Uma Comunidade Chamada pela Graça

Uma Comunidade Chamada pela Graça

Uma Comunidade Chamada pela Graça

Entrelaçada em todo o tecido do Antigo Testamento está a confissão de fé vivificante e cheia de esperança: “O Senhor é misericordioso e compassivo, lento para se irar e cheio de amor” (Salmos 145:8). Dos livros históricos (Êxodo 34:6-7; Números 14:18) aos profetas (Joel 2:13; Jonas 4:2), dos Salmos (Salmos 103:8 145:8-9) aos sermões (Neemias 9:17, 31), este testemunho da graça de Deus sustenta a fé do Antigo Testamento. O favor gratuito e não coercitivo do Senhor não foi uma mera reflexão tardia no testemunho de nossos ancestrais bíblicos. Foi o sopro vivificante que os capacitou a andar com Deus e uns com os outros.

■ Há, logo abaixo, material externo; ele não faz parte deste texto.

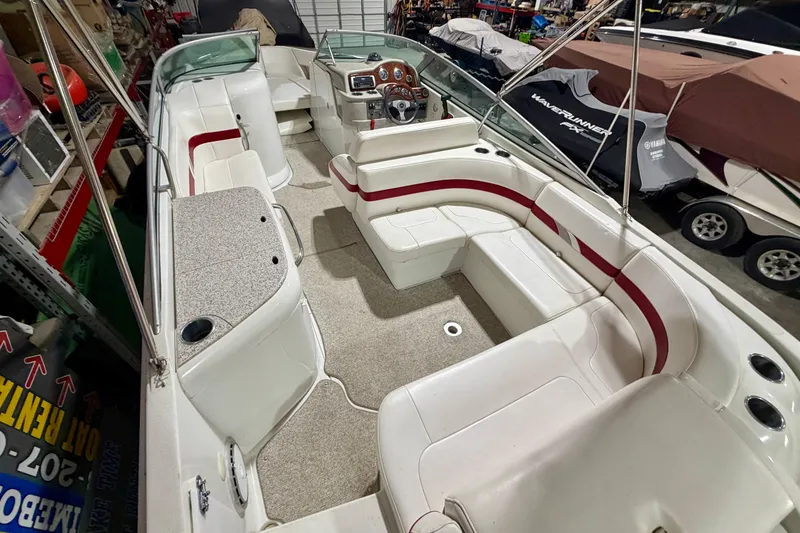 Slide: The Image of 2004 Formula 260 Bowrider boat interior with white and red seating in storage. - 6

O Senhor havia revelado essa graça de forma ímpar através da libertação de nossos ancestrais do Egito e com o estabelecimeto da aliança com eles no Sinai. O ato de Deus de fazer “nascer” o povo da aliança das águas do mar para a família da aliança (Êxodo 15) não foi uma resposta obrigatória à performance humana nem um resultado de manipulação humana. Foi uma graça pura, imaculada, dada livremente. Essa graça divina, no entanto, não apareceu primeiro no importante nascimento do povo de Deus. Há muito que precedeu os atos poderosos de Deus no mar e na montanha. Essa graça que “veio antes”, essa graça precedente ou preveniente, havia de fato levado as pessoas ao próprio ponto de seu nascimento como comunidade.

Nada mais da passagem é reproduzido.